◆ PROBLEM STATEMENT
A faithful copy is required of the lines from the top of the entries through the line that contains "Crisis en Salud: Advierten", both included, with no pictures.

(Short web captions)

BEGIN

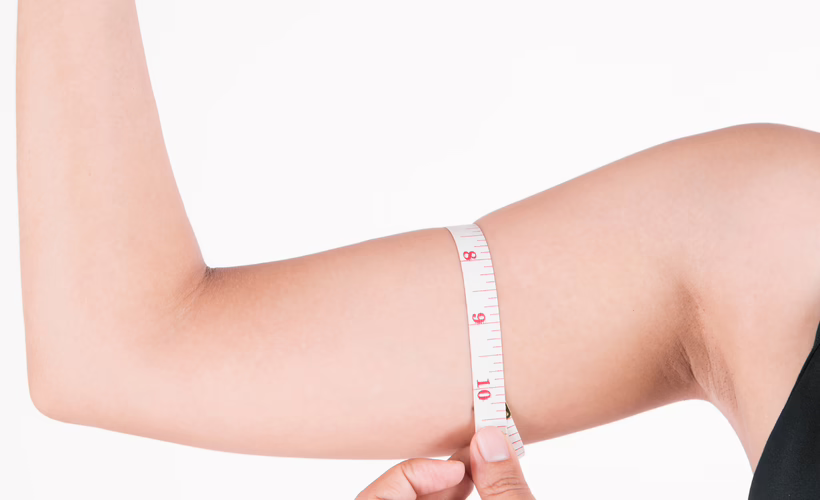 Valoración y medición del brazo antes de definir la posición de la cicatriz — Dr. Hermes Gamba Medición del brazo en consulta de braquioplastia — Dr. Hermes Gamba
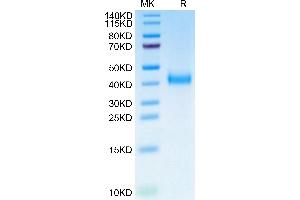 Biotinylated Cynomolgus IL-2 R beta on Tris-Bis PAGE under reduced condition. (IL2 Receptor beta Protein (AA 27-239) (His tag,Biotin))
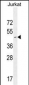 CD34 Antibody (Center)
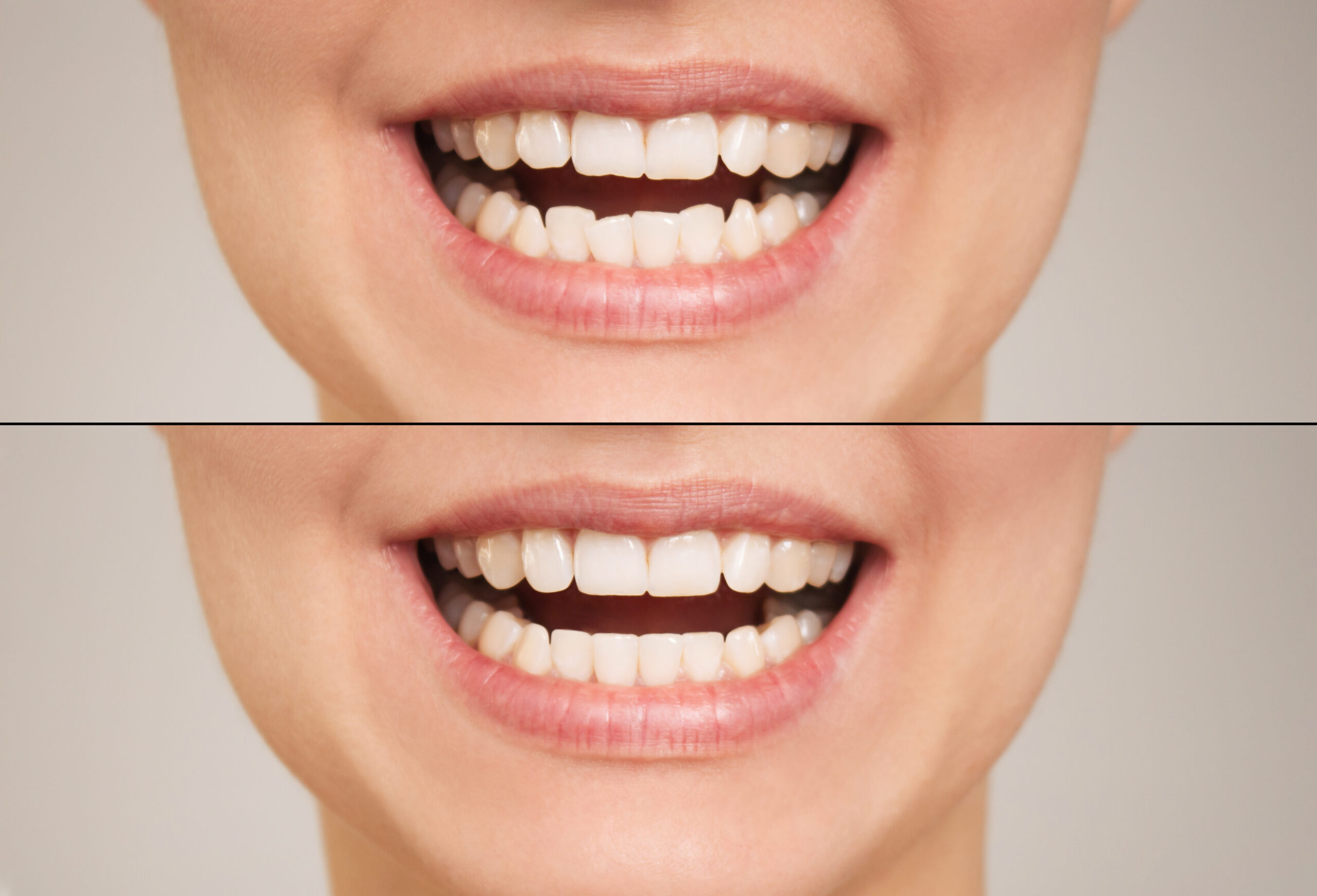 Diseño Digital de una Sonrisa 4.0: lo último en estética digital 
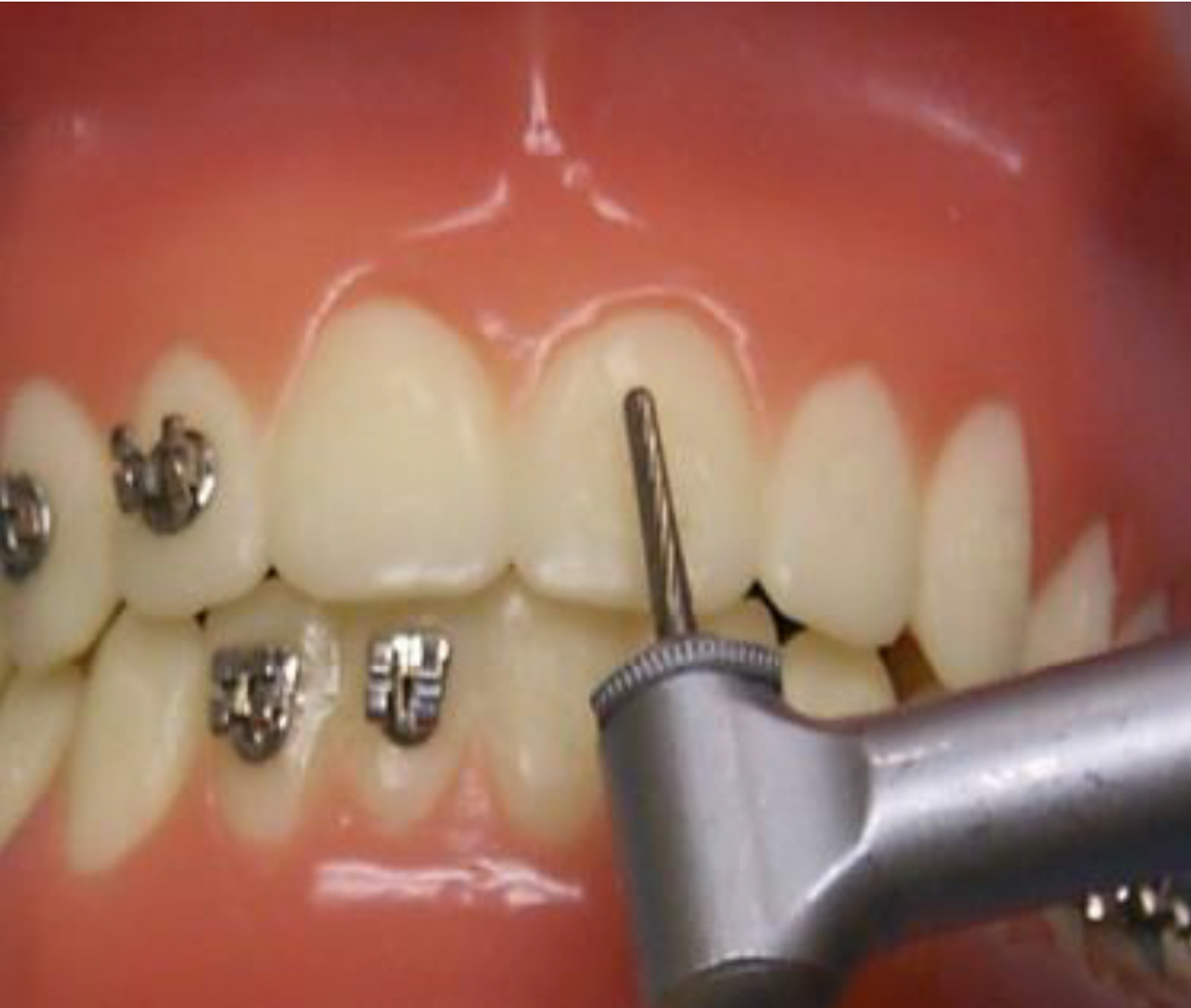 Portable Handpiece, 25K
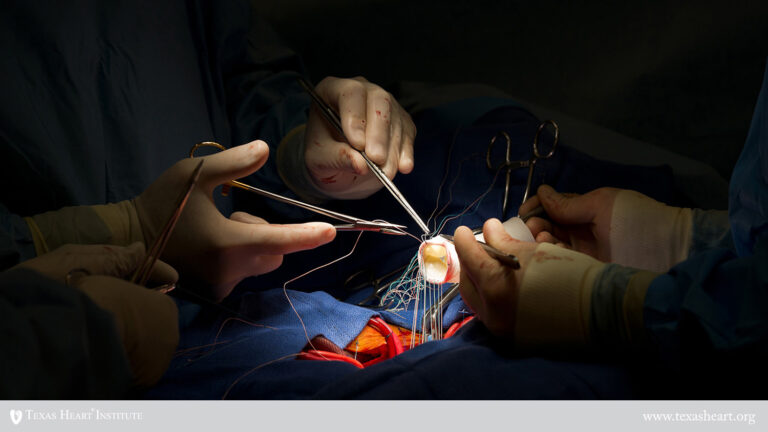 Crisis en Salud: Advierten sobre Escasez de Stents y Angioplastias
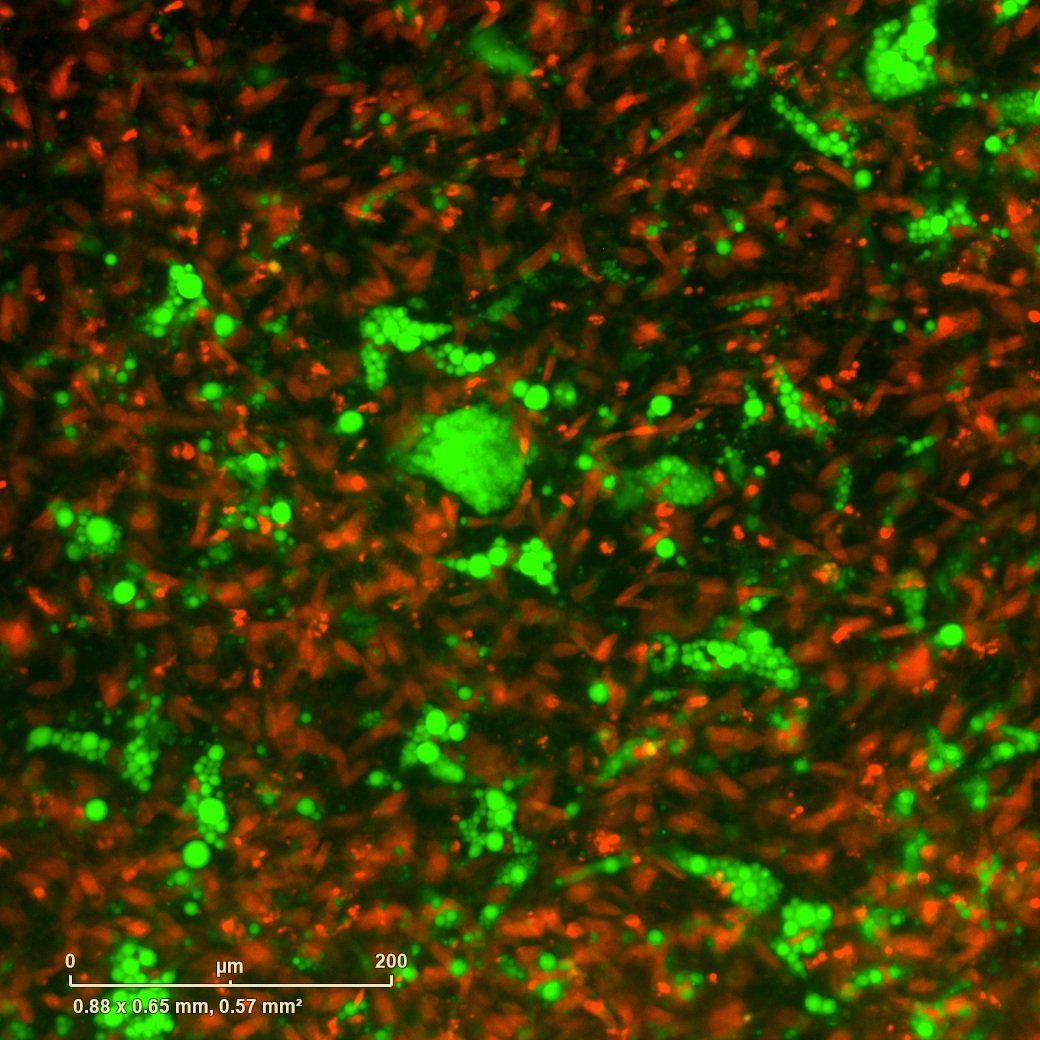  ObaCell imaged on Sartorius Incucyte high-throughput imaging system. 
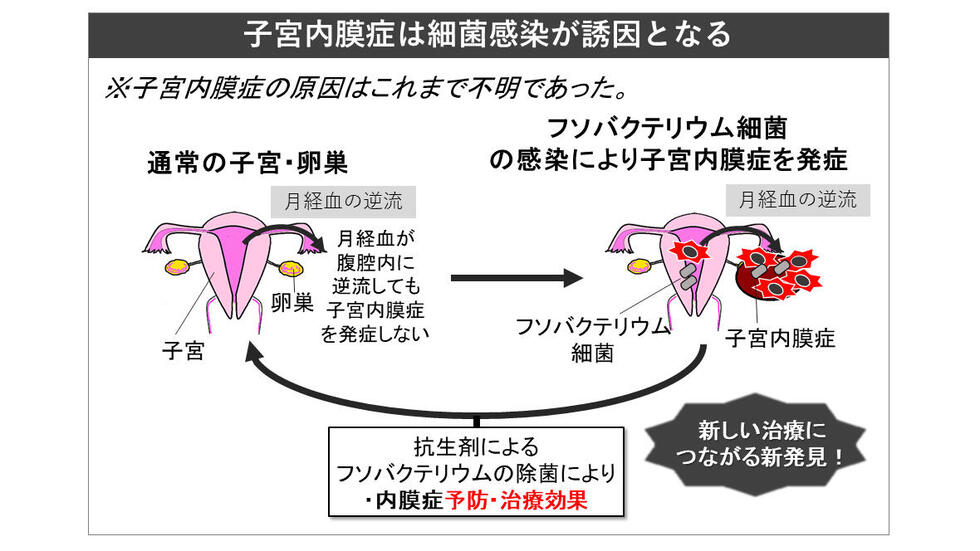 子宮内膜症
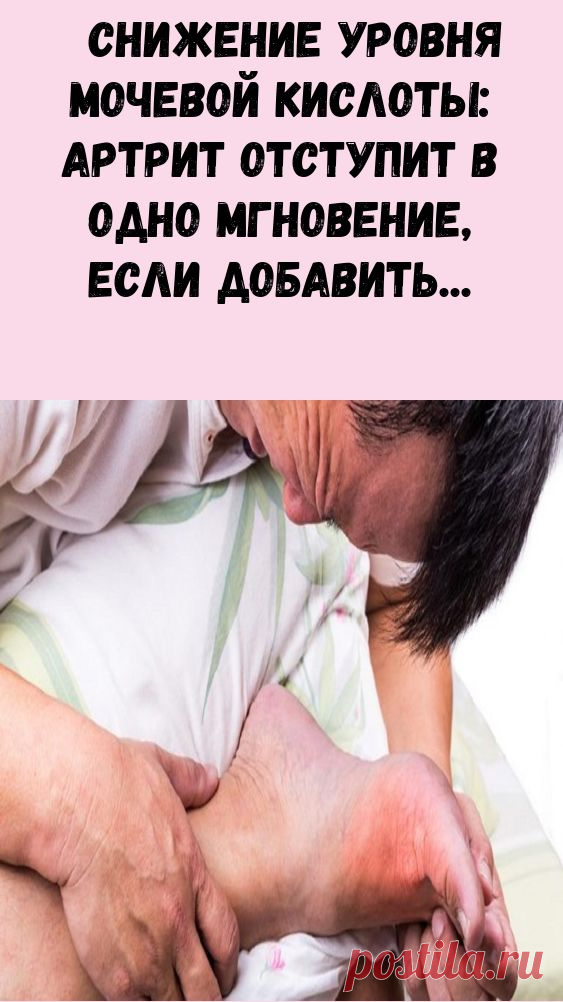 Снижение уровня мочевой кислоты: артрит отступит в одно мгновение, если добавить в свой рацион…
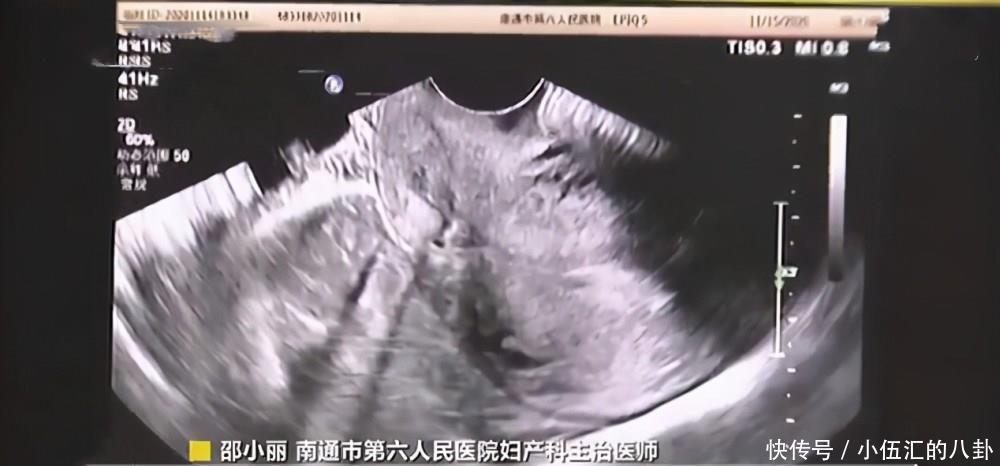 怀孕|39岁女子宫内宫外同时受孕“鬼门关”外走一遭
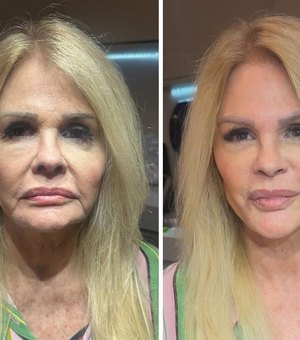 Monique Evans festeja resultado de harmonização facial: 'Ele fez milagre'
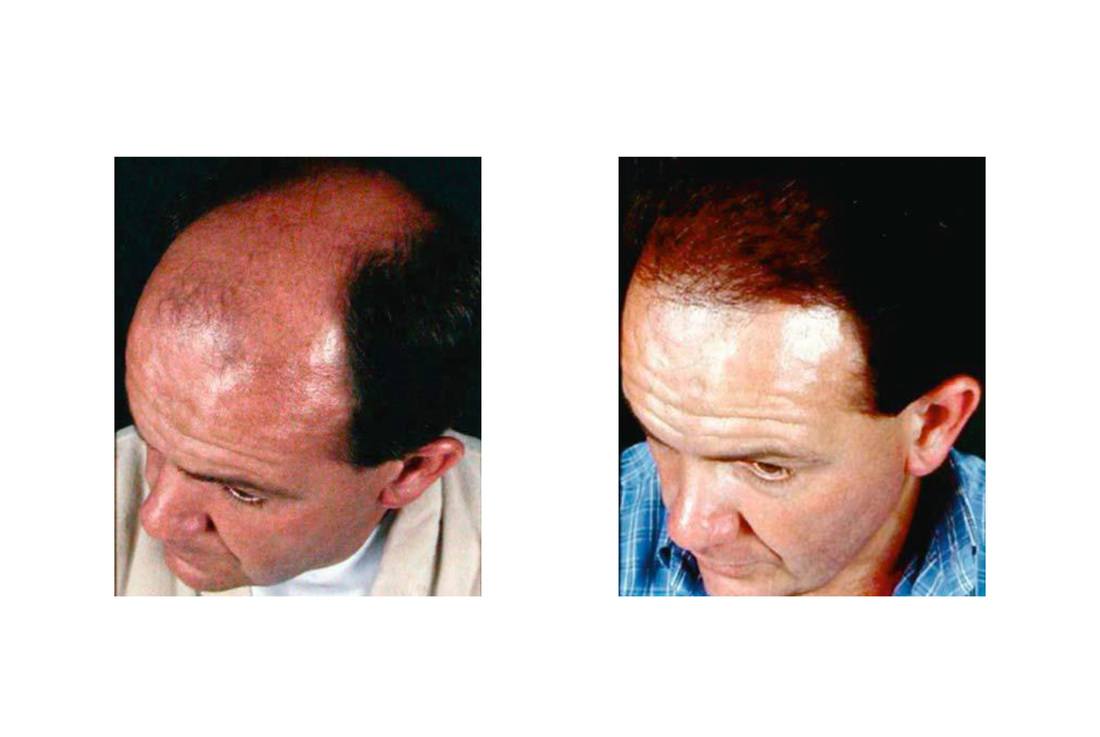cabello_04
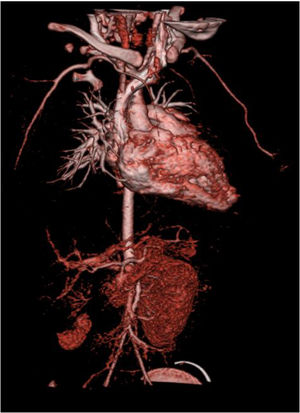 Computed tomography angiography showing vascularization only in the inferior pole of the right kidney.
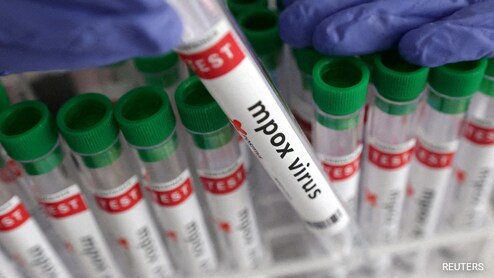 Bengaluru Reports 1st Mpox Case Of 2025 In 40-Year-Old Man With Travel History
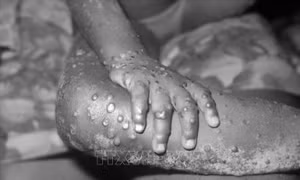 Trung Quốc đưa bộ xét nghiệm đậu mùa khỉ vào thị trường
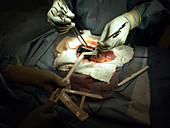 Stapler use during intestinal surgery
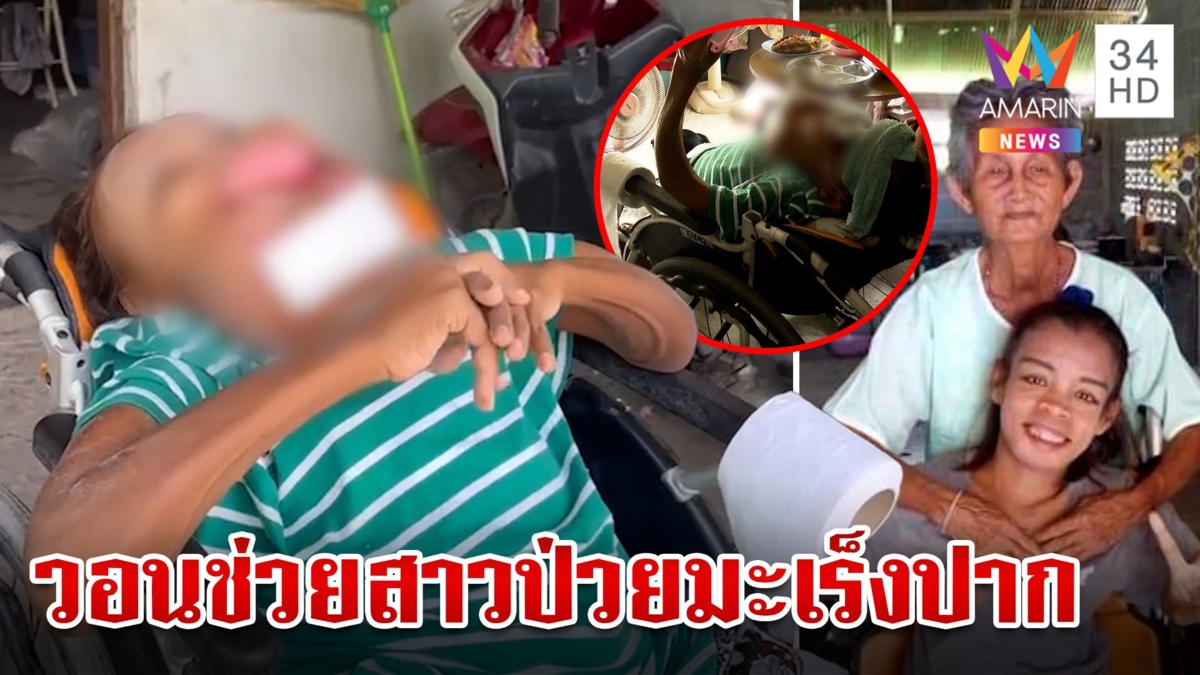 สุดรันทด!สาวป่วยมะเร็งปากชนิดหายาก แต่หัวใจยังสู้ วอนคนใจบุญช่วยเหลือ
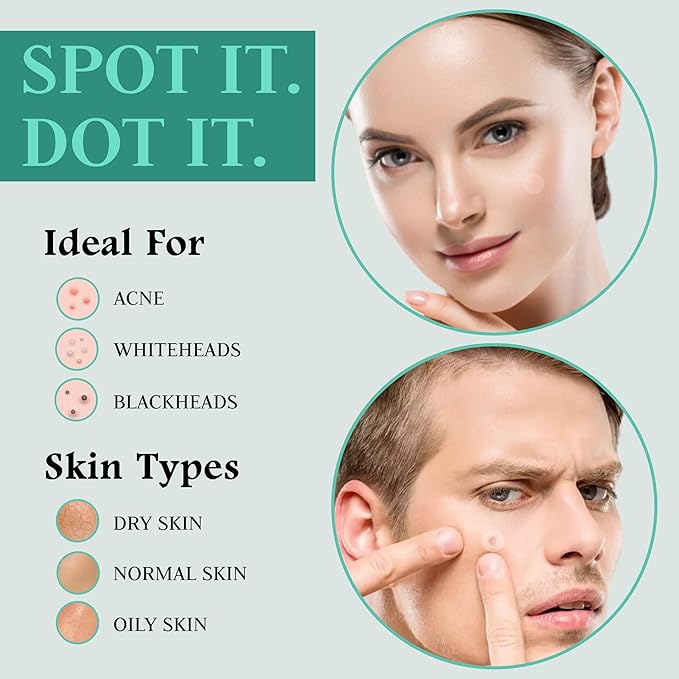 Advanced Invisible Pimple Patches for Face (96 Pack) - Hydrocolloid Patches with Tea Tree Oil - Vegan Friendly Acne Patches for Face - 2 Size Pimple Patch Stickers (10mm, 12mm)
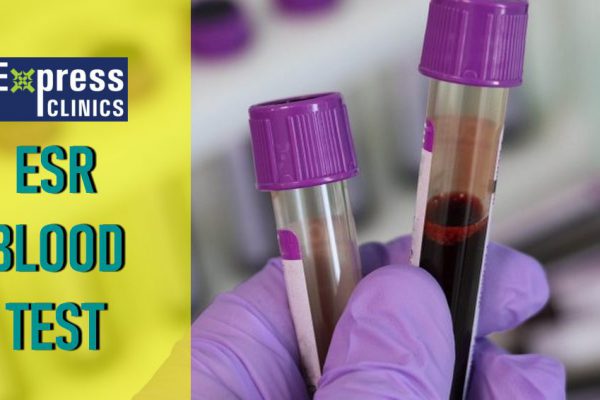 ESR Blood Test – Erythrocyte Sedimentation Rate @ Express Clinics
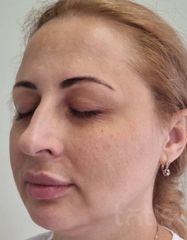 Výsledky Facetem S 0.8mlx2  фото до #1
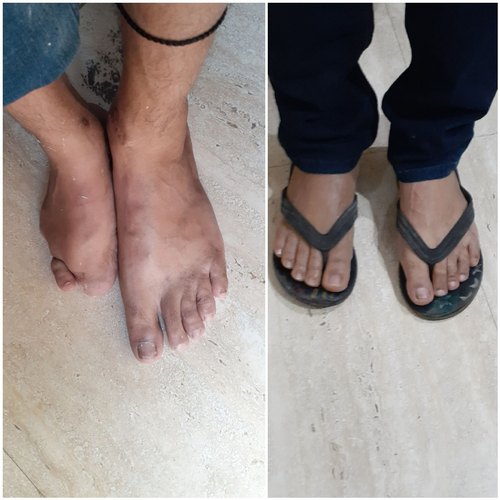 Rayon Rehab Silicone Foot Prosthesis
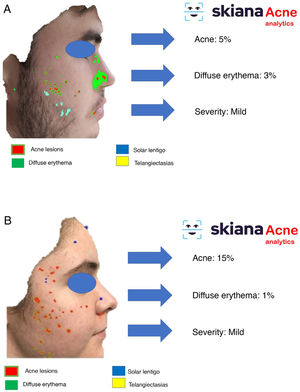 SkianaCare® smartphone application: acne classifier. A. Example of male with mild acne B, example of female with moderate acne.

END

◆ SOLUTION
 Valoración y medición del brazo antes de definir la posición de la cicatriz — Dr. Hermes Gamba Medición del brazo en consulta de braquioplastia — Dr. Hermes Gamba
 Biotinylated Cynomolgus IL-2 R beta on Tris-Bis PAGE under reduced condition. (IL2 Receptor beta Protein (AA 27-239) (His tag,Biotin))
 CD34 Antibody (Center)
 Diseño Digital de una Sonrisa 4.0: lo último en estética digital 
 Portable Handpiece, 25K
 Crisis en Salud: Advierten sobre Escasez de Stents y Angioplastias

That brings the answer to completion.